In 2021, seniors on Social Security got a 1.3% COLA. For the average person, that meant an additional $20 per month. But many common living costs have risen drastically over the past year, reports the nonpartisan Senior Citizens League, to the point where that $20 doesn’t go very far at all.
Between March of 2020 and March of 2021, the cost of gasoline increased 22.2% and home heating oil rose 20.2%. The cost of many common household items climbed, as well. Beef roasts increased 11.2%, citrus fruits increased 9.8%, and toilet paper and paper towels increased 7.9%. And while some healthcare costs, like prescription drugs, thankfully held steady, physician services increased 5.3%.
The problem, of course, is that many seniors are limited to a fixed income because their Social Security benefits are their sole cash source month after month.
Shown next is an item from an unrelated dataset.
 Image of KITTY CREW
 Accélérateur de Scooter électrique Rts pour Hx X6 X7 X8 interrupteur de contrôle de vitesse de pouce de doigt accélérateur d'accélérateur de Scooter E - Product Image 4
When the general cost of living outpaces COLAs, it leaves seniors struggling to keep up.
A better way to calculate COLAs
A big reason COLAs have fallen short in recent years boils down to the way they’re calculated. COLAs are determined annually by taking third-quarter data from the Consumer Price Index for Urban Wage Earners and Clerical Workers (CPI-W). When the cost of goods and services rises, benefits increase, as well. When the CPI-W shows no change or a downward change, there’s no COLA (though benefits are never reduced, even if the CPI-W moves downward).
The problem, though, is that the CPI-W doesn’t necessarily measure the expenses that eat into seniors’ income the most, like healthcare. One commonly thrown-around solution by senior advocates is to base COLAs on a different index — the Consumer Price Index for the Elderly (CPI-E), which would measure senior-specific expenses. But since the CPI-W has been used for years, instituting that change could be a hard sell.
It’s too soon to know what the next Social Security COLA will look like, but based on recent numbers, seniors shouldn’t expect much in the way of a raise. And even if 2022’s COLA proves to be more generous than recent ones, it may still not do enough to help seniors stay afloat in the absence of other income.
Workers are often advised to save aggressively for retirement to be less reliant on Social Security. That’s good advice, given the way COLAs have lost buying power in recent years, and given the fact that as of now, there are no plans in the works to change the way they’re calculated.